*** Available data ***

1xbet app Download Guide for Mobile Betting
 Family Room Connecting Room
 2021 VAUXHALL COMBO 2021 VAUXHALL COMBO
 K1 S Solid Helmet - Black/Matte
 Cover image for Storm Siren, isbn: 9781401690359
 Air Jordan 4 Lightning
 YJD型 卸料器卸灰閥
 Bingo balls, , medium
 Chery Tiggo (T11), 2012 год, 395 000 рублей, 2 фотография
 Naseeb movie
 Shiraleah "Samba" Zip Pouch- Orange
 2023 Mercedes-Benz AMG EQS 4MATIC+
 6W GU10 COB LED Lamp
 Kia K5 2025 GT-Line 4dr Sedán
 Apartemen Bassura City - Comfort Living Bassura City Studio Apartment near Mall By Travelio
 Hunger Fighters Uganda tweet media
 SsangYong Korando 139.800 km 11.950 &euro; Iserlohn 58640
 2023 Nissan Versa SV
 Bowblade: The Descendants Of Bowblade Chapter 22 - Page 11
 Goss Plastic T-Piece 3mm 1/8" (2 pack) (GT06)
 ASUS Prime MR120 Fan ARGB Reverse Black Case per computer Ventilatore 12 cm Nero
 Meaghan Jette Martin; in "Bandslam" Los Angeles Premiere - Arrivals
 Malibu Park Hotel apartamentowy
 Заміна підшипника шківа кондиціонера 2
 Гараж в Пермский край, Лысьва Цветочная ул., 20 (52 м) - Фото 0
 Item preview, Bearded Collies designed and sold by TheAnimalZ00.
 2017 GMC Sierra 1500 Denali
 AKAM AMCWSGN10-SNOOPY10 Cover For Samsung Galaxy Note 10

*** End of Available data ***

Output these and nothing else: the lines from the one holding "Malibu Park Hotel apartamentowy" through the final line of the entries above, exactly as they appear.

 Malibu Park Hotel apartamentowy
 Заміна підшипника шківа кондиціонера 2
 Гараж в Пермский край, Лысьва Цветочная ул., 20 (52 м) - Фото 0
 Item preview, Bearded Collies designed and sold by TheAnimalZ00.
 2017 GMC Sierra 1500 Denali
 AKAM AMCWSGN10-SNOOPY10 Cover For Samsung Galaxy Note 10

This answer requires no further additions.